Hey, everyone! I’ve never smoked cheese, so I know nothing about it. Well, it’s go time and I’m ready. Just looking for some cheese & wood tips and suggestions. Currently using a MES. Thanks!


----------



## cmayna (Dec 26, 2015)

Do you have a separate smoke generator?    No heat is used to do smoked cheese.   With an MES smoker, most of us would suggest a AMNPS from Amazen:

https://www.amazenproducts.com/ProductDetails.asp?ProductCode=AMNPS5X8


----------



## raidbean (Dec 26, 2015)

See,this is why I ask questions. Thank you for preventing me from melting a block of cheese in my smoker! 





cmayna said:


> Do you have a separate smoke generator?    No heat is used to do smoked cheese.   With an MES smoker, most of us would suggest a AMNPS from Amazen:
> 
> https://www.amazenproducts.com/ProductDetails.asp?ProductCode=AMNPS5X8


----------



## heavydlite (Dec 28, 2015)

In my Bradley smoker, I don't let it get above 75 degrees for the 2.5 - 3 hours of smoke time. 
A pan of ice in the smoker can help keep the temp down if needed, just make sure the pan doesn't overflow when it melts. 
Then I bag up the cheese and let it age in the fridge for at least a week to improve its flavour.
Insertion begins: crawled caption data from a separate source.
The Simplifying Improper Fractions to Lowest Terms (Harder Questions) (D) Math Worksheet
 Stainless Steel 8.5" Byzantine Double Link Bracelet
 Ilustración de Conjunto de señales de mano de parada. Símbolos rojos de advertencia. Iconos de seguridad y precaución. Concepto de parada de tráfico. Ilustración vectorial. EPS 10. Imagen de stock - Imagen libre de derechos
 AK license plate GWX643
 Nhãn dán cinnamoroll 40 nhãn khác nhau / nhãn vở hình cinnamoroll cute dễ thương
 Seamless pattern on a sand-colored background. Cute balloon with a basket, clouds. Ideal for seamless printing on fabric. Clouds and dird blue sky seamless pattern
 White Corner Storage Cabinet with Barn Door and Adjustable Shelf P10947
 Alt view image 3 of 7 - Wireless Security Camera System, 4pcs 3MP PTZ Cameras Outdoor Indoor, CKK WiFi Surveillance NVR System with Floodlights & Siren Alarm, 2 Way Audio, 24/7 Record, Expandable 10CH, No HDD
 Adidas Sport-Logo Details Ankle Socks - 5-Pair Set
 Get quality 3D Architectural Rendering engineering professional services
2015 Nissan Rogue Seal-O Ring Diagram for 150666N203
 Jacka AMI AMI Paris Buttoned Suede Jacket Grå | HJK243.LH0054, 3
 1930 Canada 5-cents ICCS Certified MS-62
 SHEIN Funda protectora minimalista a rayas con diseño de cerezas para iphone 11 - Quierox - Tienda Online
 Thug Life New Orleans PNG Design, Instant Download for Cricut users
I like hickory smoke but the wife likes apple smoked cheese


----------



## goliath (Dec 28, 2015)

Here is the cheese bible......
http://www.smokingmeatforums.com/t/123130/mr-ts-smoked-cheese-from-go-to-show-w-q-view
he is also great about answering back when ya send him a message.

Goliath


----------



## driedstick (Dec 29, 2015)

GOLIATH said:


> Here is the cheese bible......
> http://www.smokingmeatforums.com/t/123130/mr-ts-smoked-cheese-from-go-to-show-w-q-view
> he is also great about answering back when ya send him a message.
> 
> Goliath










   I have been going for color lately and not time,,so far so good LOL 

Good luck and let us know 

A full smoker is a happy smoker

DS


----------



## redheelerdog (Jan 1, 2016)

I agree with DS, and also that is what Mr. T mentions in his cheese smoking how-to smokin cheese bible, - Its all about the color, the color of the CHEESE!


----------



## crazymoon (Jan 2, 2016)

GOLIATH said:


> Here is the cheese bible......
> http://www.smokingmeatforums.com/t/123130/mr-ts-smoked-cheese-from-go-to-show-w-q-view
> he is also great about answering back when ya send him a message.
> 
> Goliath


AGREED!!!!!!  Mr T is your man !


----------



## BandCollector (Jan 2, 2016)

CrazyMoon said:


> AGREED!!!!!!  Mr T is your man !


Mr T knows his cheese.....He always is the go to guy!

Have fun smoking your cheese,

John


----------